On the other hand, I don't think too many prospective coaches guarantee that they're going to win the Superbowl the following season during the job interview...especially if they know that the scorekeeper doesn't work for the NFL and has no intention of allowing their team to win the Superbowl down the line, and that there's not much they can do about it.

Maybe El-Sayed is counting on a Democratic President starting in 2021. If so, then I suppose it's conceivable that MichCare could happen after all; it would just have to wait until his third year in office. Someone on Twitter suggested including a "trigger" clause which allows the bill to be passed earlier but lets the state wait to submit it to the HHS Dept. for waiver approval until a time of the Governor's choosing. That might make sense, since it would probably take a year or so just to hash out the details and put it through both the state House and Senate process anyway.

I don't know. Perhaps I'm wrong about all of this. After all, Donald Trump managed to get elected anyway after promising universal healthcare coverage paid for entirely by the government...otherwise known as Single Payer healthcare.

El-Sayed rightly notes that it's a lot more inspirational to tell voters "Elect me, and I will do (insert lofty, game-changing major policy)" than it is to say "Elect me, and I'll work as hard as I can to achieve (insert incremental improvements)". I get that, I really do. And yes, sometimes you have to shoot for the stars even if you know you'll end up having to settle for the moon.
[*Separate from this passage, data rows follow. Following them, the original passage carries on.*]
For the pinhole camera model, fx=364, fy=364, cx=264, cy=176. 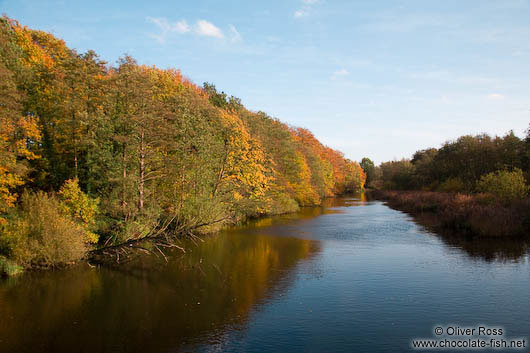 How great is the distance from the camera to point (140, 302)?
1723cm

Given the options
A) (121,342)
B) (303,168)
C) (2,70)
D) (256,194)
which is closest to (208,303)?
(121,342)

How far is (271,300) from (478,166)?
55.5 meters

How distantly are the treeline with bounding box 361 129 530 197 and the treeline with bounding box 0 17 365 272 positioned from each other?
30025mm

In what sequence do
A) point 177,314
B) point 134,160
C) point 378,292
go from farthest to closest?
point 134,160 → point 378,292 → point 177,314

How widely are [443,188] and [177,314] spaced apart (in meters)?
60.2

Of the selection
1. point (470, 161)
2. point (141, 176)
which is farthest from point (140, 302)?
point (470, 161)

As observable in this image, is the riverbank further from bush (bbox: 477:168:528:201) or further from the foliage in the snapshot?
the foliage

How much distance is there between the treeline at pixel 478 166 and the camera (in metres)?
42.9

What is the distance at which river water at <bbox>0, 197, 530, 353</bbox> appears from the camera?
43.5 ft

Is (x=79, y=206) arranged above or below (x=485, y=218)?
above

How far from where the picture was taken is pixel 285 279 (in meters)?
20.8

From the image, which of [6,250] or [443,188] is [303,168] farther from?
[6,250]

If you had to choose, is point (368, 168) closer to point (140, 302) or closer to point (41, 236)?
point (41, 236)

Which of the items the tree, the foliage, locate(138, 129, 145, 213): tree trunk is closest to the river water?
locate(138, 129, 145, 213): tree trunk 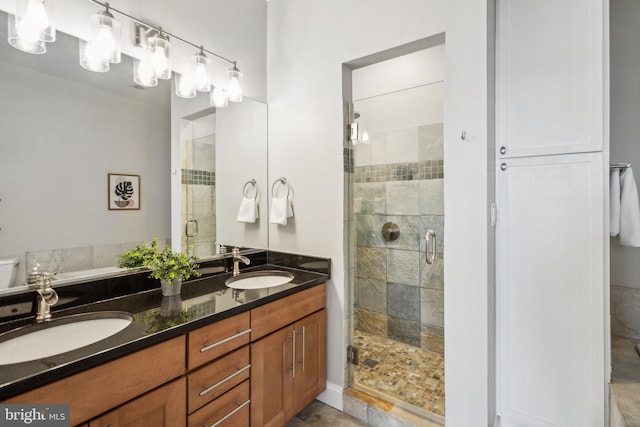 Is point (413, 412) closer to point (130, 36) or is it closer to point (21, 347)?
point (21, 347)

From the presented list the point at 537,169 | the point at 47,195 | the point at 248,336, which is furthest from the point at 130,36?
the point at 537,169

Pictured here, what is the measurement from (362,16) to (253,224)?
1.50m

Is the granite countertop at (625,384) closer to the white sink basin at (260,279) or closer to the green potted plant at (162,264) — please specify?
the white sink basin at (260,279)

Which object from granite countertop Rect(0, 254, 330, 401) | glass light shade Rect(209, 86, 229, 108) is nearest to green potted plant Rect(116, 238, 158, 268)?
granite countertop Rect(0, 254, 330, 401)

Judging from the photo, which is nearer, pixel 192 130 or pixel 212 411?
pixel 212 411

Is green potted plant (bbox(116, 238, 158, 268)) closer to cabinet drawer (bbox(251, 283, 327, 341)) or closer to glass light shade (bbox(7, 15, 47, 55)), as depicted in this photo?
cabinet drawer (bbox(251, 283, 327, 341))

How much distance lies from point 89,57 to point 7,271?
3.20 feet

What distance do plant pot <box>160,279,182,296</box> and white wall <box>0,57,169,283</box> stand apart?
0.30 m

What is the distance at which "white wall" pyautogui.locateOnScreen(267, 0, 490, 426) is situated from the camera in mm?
1511

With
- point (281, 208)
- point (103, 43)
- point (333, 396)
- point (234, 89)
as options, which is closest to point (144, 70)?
point (103, 43)

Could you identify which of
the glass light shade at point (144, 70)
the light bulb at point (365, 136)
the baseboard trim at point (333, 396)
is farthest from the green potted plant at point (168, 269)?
the light bulb at point (365, 136)

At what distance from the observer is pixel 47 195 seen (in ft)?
4.39

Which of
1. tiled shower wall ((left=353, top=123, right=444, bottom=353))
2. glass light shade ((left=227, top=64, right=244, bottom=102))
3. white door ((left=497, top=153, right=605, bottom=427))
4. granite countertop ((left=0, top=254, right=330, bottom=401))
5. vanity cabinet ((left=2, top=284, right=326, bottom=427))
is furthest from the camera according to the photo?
tiled shower wall ((left=353, top=123, right=444, bottom=353))

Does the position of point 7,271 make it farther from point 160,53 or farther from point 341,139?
point 341,139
The biggest question to me is whether the voters understand this or not.

Let's suppose El-Sayed wins the nomination and the general election, tries to push through his ambitious MichCare proposal, and comes up short. Perhaps he ends up with a robust public option instead. Personally, I'd be fine with that as the outcome...but consider what happened to President Obama and the Democrats when they weren't able to include the national public option which was part of the early ACA proposals: They got shellacked two years later, losing the House, the Senate, and hundreds of state legislative seats...and Obama hadn't even promised Single Payer to begin with.

If you're going to campaign in poetry without any guarantee that you'll be able to govern in poetry as well, you better make goddamned sure that the voters understand and accept that you'll be governing in prose.

Put another way, if you mean to be taken seriously but not literally, make sure everyone gets that.